§ **WORK INSTRUCTION**:
Drop the images. Copy every line below character for character.

§ **DATA PROVIDED**:
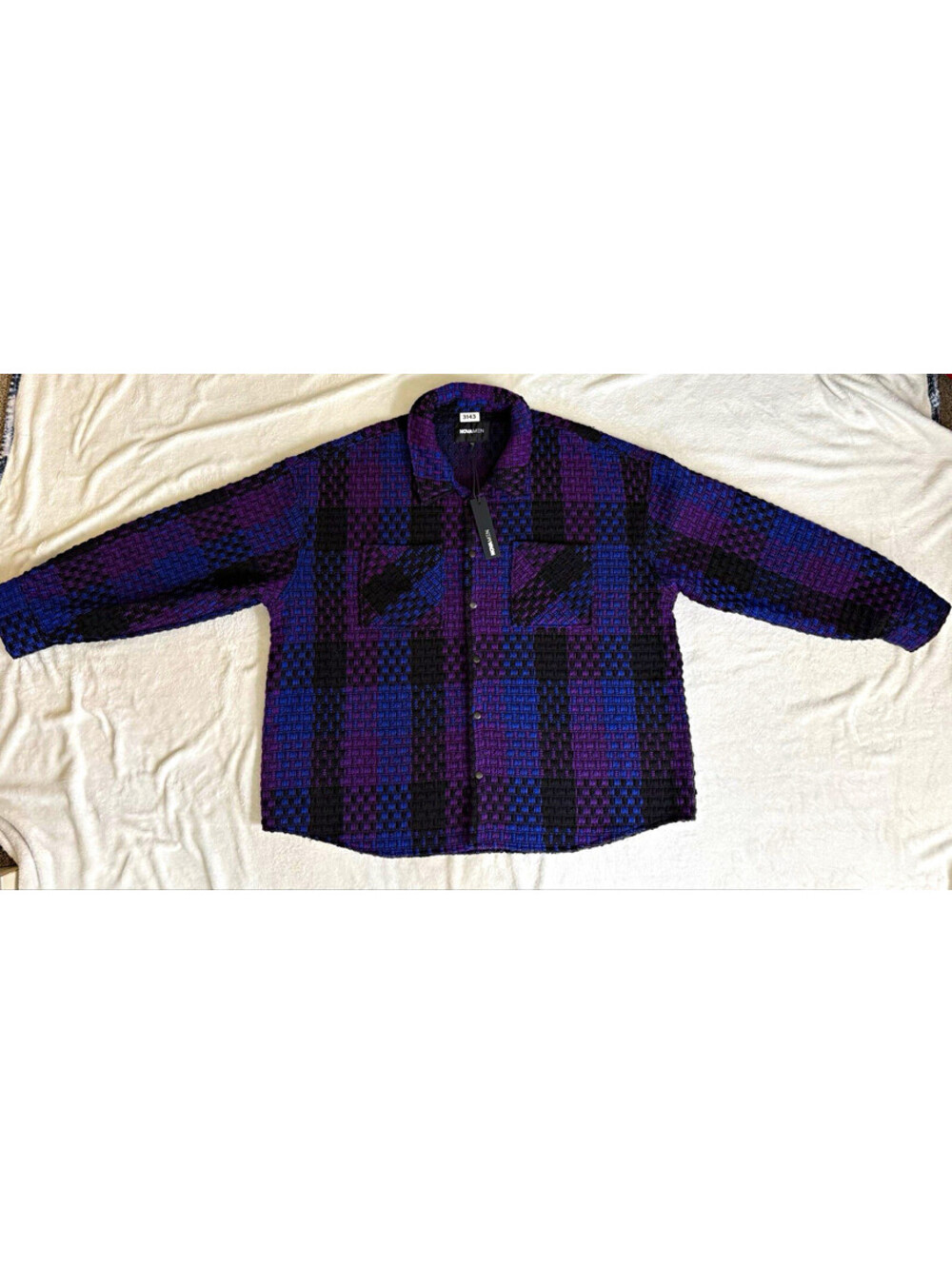 Nova Men Plaid Shacket Jacket XXXL Purple/Blue/Black Button Front Pockets NWT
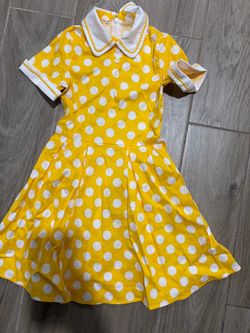 Girls 50’s Yellow Polka Dot Hop Sock Dress 1950’s Retro Vintage 7-8 Halloween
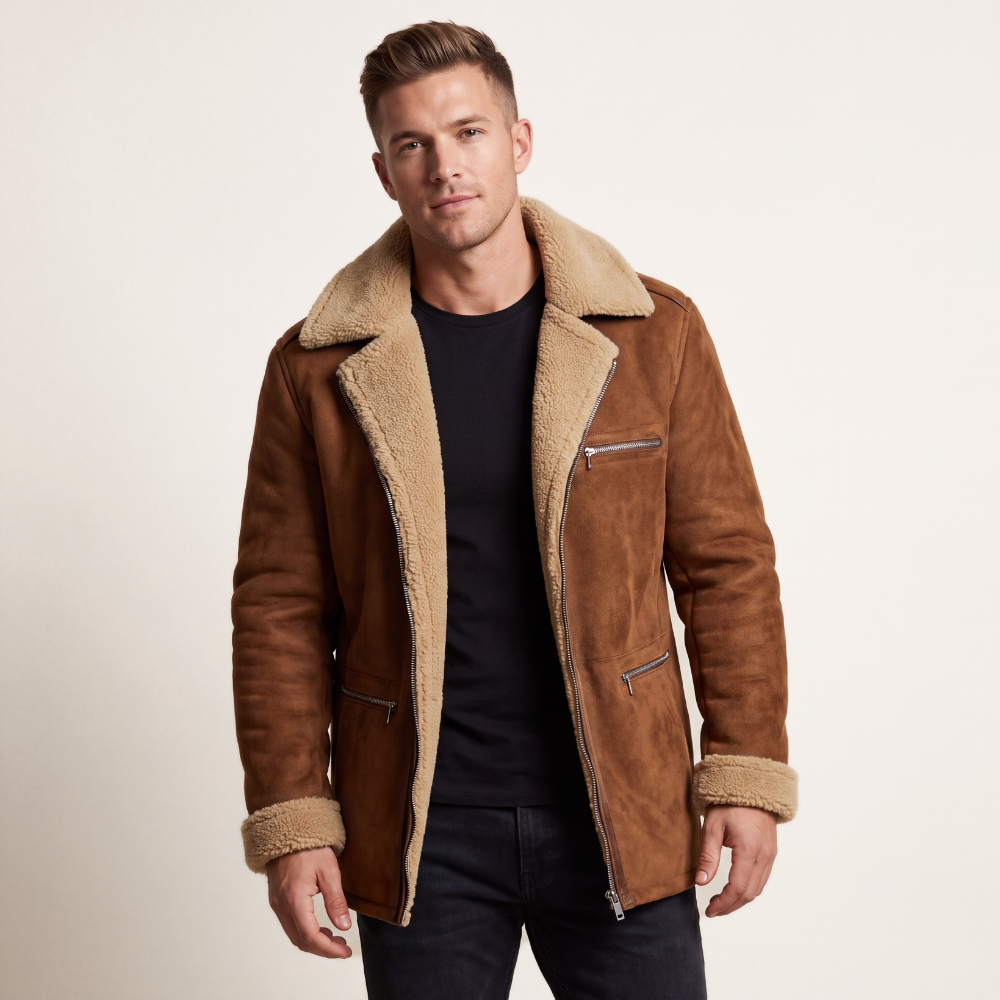 Men's brown suede sherpa-lined zip jacket with tan fleece-trim collar and pockets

§ **WRITTEN RESPONSE**:
 Nova Men Plaid Shacket Jacket XXXL Purple/Blue/Black Button Front Pockets NWT
 Girls 50’s Yellow Polka Dot Hop Sock Dress 1950’s Retro Vintage 7-8 Halloween
 Men's brown suede sherpa-lined zip jacket with tan fleece-trim collar and pockets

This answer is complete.